Ombre garments don't necessarily have to stick to just one color. I have an ombre skirt that starts out yellow and fades into orange, deep red, and dark brown.

I suspect that it was dyed yellow first and then progressively dyed darker colors. I'm not sure how ombre is accomplished when four or more colors are involved, but there was a definite fading effect going on there.

seag47
Post 5

I had an ombre sweater back in the year 2000 that I just loved. It faded from deep navy at the bottom to light blue at the neckline.

It just seemed to be melting into my dark blue jeans. I loved the disappearing effect it accomplished!

Kristee
Post 4

@kylee07drg – You can find ombre in several aspects of fashion. I can think of examples from clothing, hair, and wedding trends.

My best friend had an ombre rose bouquet, and her wedding planner suggested it. At the time, it was a fashionable idea, and I wouldn't be surprised if it continued to be popular, because it was quite beautiful.

She just had a bouquet of white roses on one side, slightly pink ones in the middle, and super pink ones on the other side. It was a very ombre effect, and since the bouquet was super tight, it worked.

She had her bridesmaids wear ombre pink dresses to match that were quite lovely. She also had an ombre rose cake with frosting that faded like the bouquet and the dresses.

kylee07drg
Post 3

I have heard of ombre hair, but I didn't know that this term also applied to fabrics. I used to see many women walking around with hair darker on top and lighter on bottom, and I wondered why until my stylist friend told me that this is called ombre hair.

Personally, I don't like it.
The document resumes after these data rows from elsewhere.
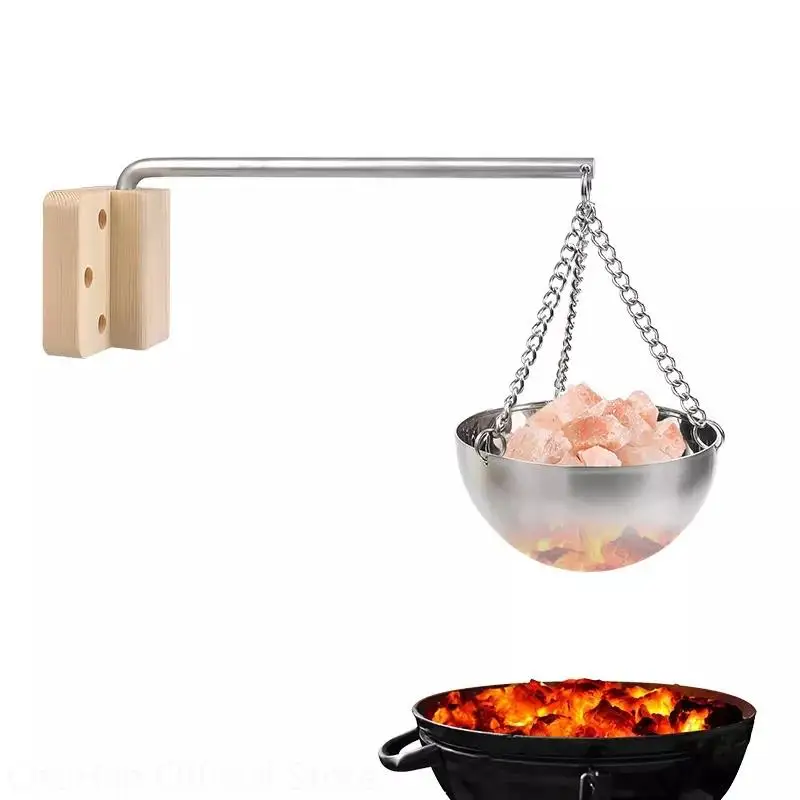 ChuHan 12/20cm Sauna Aromatherapy Oil Bowl Sauna Aroma Cup Bowl Stainless Steel Essential Oil Holder Sauna Steam Room Accessorie 2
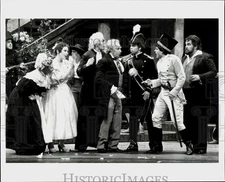 1983 Press Photo Scene from "The Barber of Seville" by Houston Grand Opera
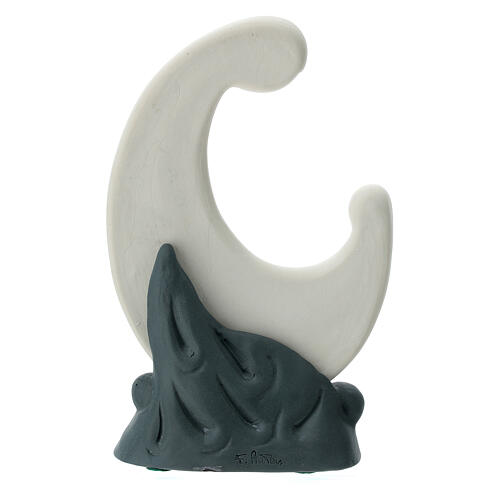 Figurka Macierzyństwo, szara podstawa, porcelana, 15 cm 4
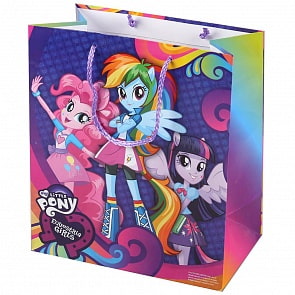 Пакет подарочный Equestria Girls, глянцевый (Играем вместе, CLRBG-EG-02-1)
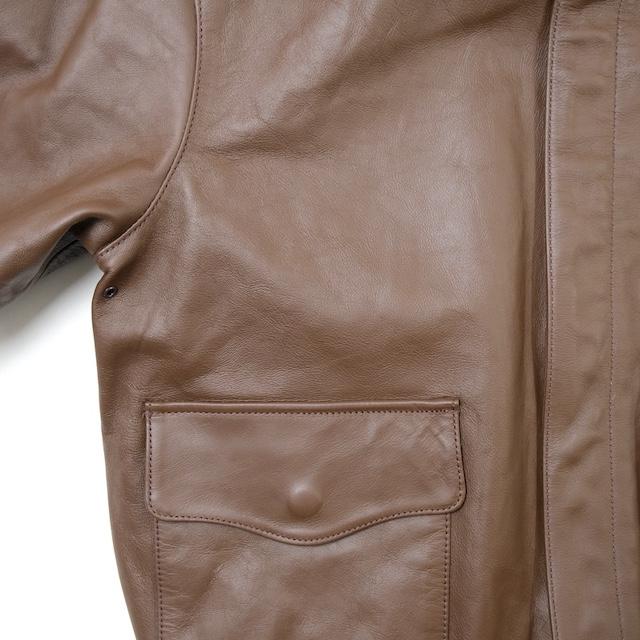 MORGAN MEMPHIS BELLE（モーガン メンフィスベル）TYPE A-2 HORSEHIDE RUSSET BROWN マーク無し[MG-701-LT-WO/M] 【中田商店】の画像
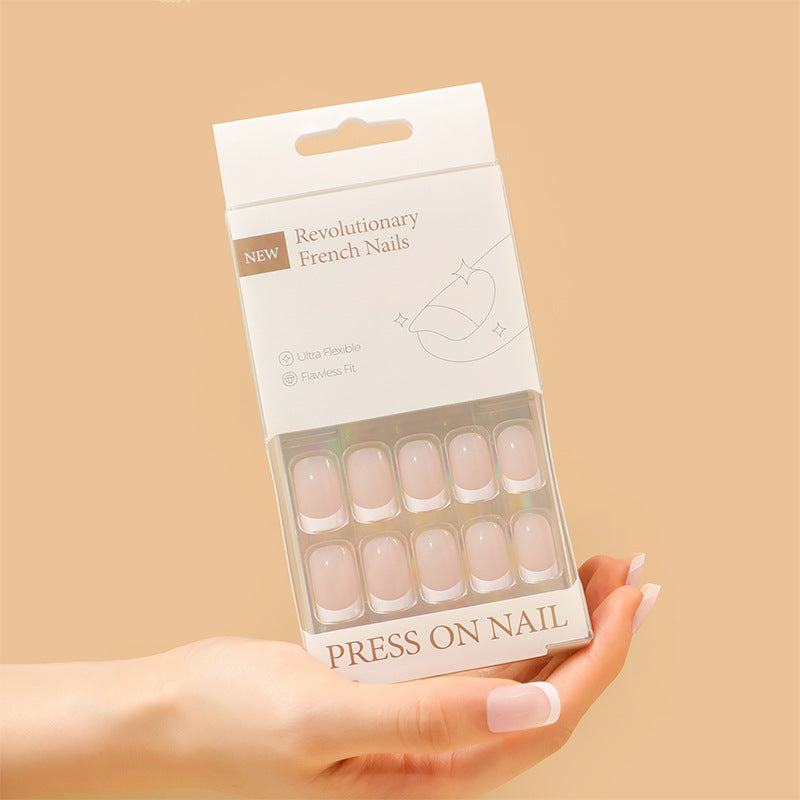 Modern French Wide Fit press-on nail set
It just looks like they decided to let their roots grow out without dying the bottom half to match.

However, it does look cool when they dye their hair two separate colors. I saw a woman who had auburn hair on top and blonde near the bottom, and it looked stylish.

blackDagger
Post 2

I like ombres fashion for a perhaps slightly different reason than many others. I am middle of the road lady; in my 30’s, but still feeling the 20’s.

However, I am mature enough to know that I shouldn’t run around in teeny-bopper outfits (even if I think they are the cutest things ever!).
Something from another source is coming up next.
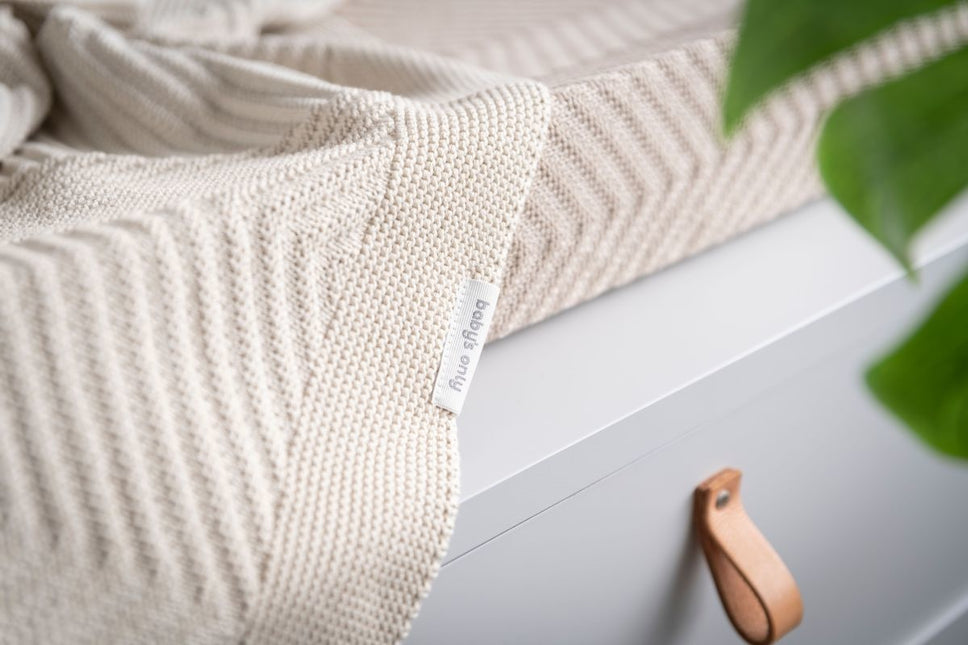 Coperta per il letto del bambino Grace Warm Linen 100x135cm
For me, ombre design gives me the opportunity to dress up my clothes a little, but in an age appropriate way. My heart yearns for vivacious and bright – but my older body is rebelling against me at this point!

My mind isn't quite ready to take on cardigans and florals just yet!

By buying a few dresses and pieces that use the ombre technique, I am indulging my creative side while also admitting that I just can’t pull off some of those other (younger) pieces anymore.

poppyseed
Post 1

Ombre design is a great kind of fabric technique that some designers use when creating dresses that will help to maximize ladys' good points and minimize their flaws.

For instance, a nicely done ombre fabric dress can take the emphasis off of a larger waistline or hip area, and draw the eye to a more desirable area.

I, personally, have some extra weight around the middle but a decently nice bust and hip line. When choosing this kind of fabric, I tend to get the lighter fabric further up, with it becoming deeper the further down that it goes. That way it elongates my frame, and also draws attention up and away from my slightly bigger middle.